A presentation on the fall reopening of school will be delivered Thursday at 7 p.m. by superintendent Carol Cavanaugh at the Hopkinton School Committee meeting.
The presentation, to be delivered via Zoom, will be followed by a question-and-answer period. Cavanaugh encourages the public to watch the meeting.
Hopkinton families will be asked to inform the school district by Aug. 3 whether they prefer to send their children to school in the fall using a hybrid instructional model or whether they will select full-time remote learning, Cavanaugh informed parents in an email Tuesday.
A request for these choices will be submitted to families this Friday.
These will be “binding decisions’’ and cannot be changed.
“Very simply, with almost 4,000 learners in the district, it would be very challenging to create student schedules and facilitate changes throughout the month of August,’’ Cavanaugh stated.
“Building principals need the month of August to create schedules for all in-person learners, and for students who are choosing remote instruction, teachers and courses will need to be arranged,’’ she said. “Scheduling is a time-consuming and complex process.’’
Changes in instruction choices may be made at times through the school year, Cavanaugh noted.
The official recommendation on reopening will be based on work done by the 36-member Reentry Advisory Group.
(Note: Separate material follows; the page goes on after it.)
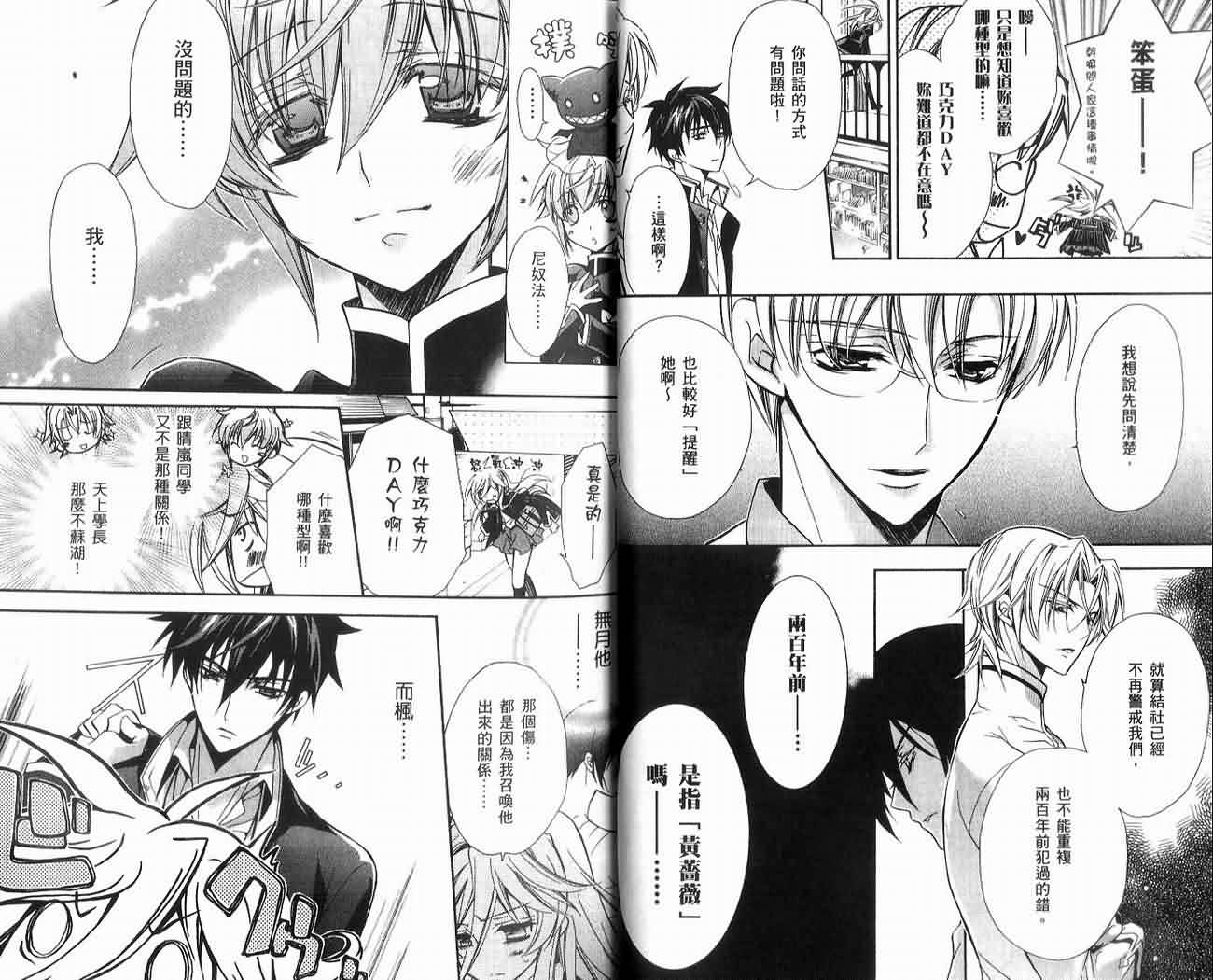 蔷薇千金之吻 第2卷 第37页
This group was organized to examine various criteria related to school reopening in September after the extended spring closing due to COVID-19.
Cavanaugh will release a report of her recommendations for the school reopening and other resources.
The Department of Elementary and Secondary Education (DESE) required school districts to submit plans for three learning options: a full-time, in-person instructional plan; a hybrid option combining in-person instruction and remote learning; and a fully remote learning plan.
Families will receive a copy of the extensive reentry report soon, Cavanaugh said.
Followup questionnaires will be sent from the Student Services Office and from the Director of English Acquisition, Equity and Access to students on individualized education programs (IEPs) or students who are identified as English learners.
The questionnaire will ask those who will attend in the hybrid model if they would prefer to attend school every day. Full-time instruction is afforded to high-needs children as a gap-closing measure. Families who qualify for full-time instruction should fill out the survey that comes from the district as well as the followup surveys sent by the Special Education and English Learner departments. Both must be submitted.